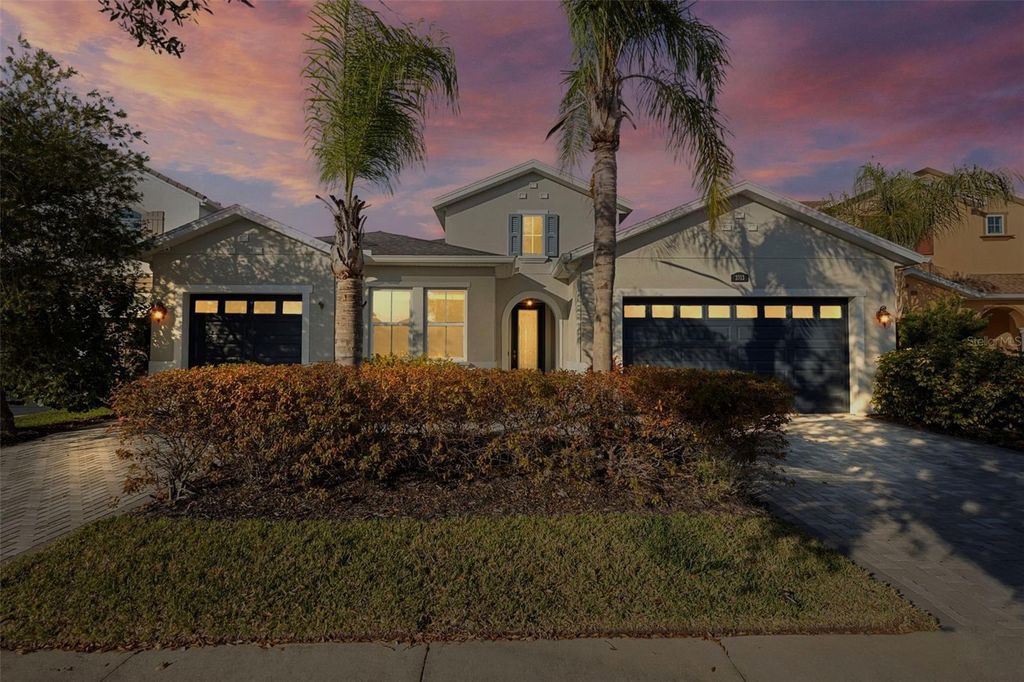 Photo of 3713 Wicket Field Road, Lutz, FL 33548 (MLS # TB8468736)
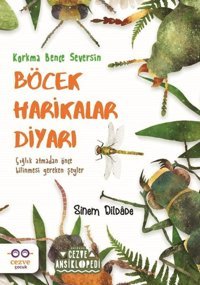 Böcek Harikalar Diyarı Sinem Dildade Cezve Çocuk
* * *
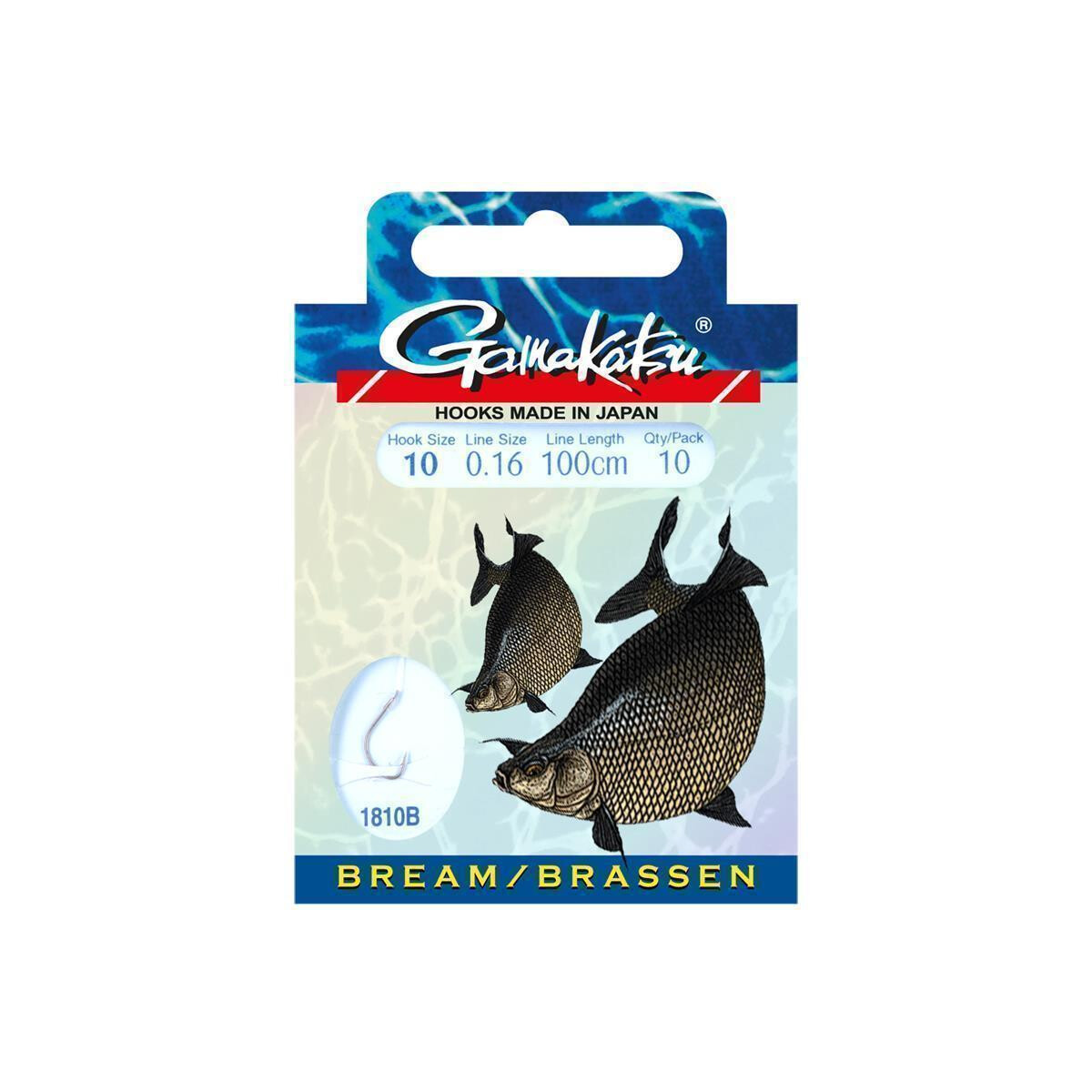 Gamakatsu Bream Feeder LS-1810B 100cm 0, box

- [What is required]: I'd like the lines above repeated exactly, from the one that contains "Photo of 3713" through the one that contains "Böcek Harikalar Diyarı", with no pictures.

- [Solution]:
 Photo of 3713 Wicket Field Road, Lutz, FL 33548 (MLS # TB8468736)
 Böcek Harikalar Diyarı Sinem Dildade Cezve Çocuk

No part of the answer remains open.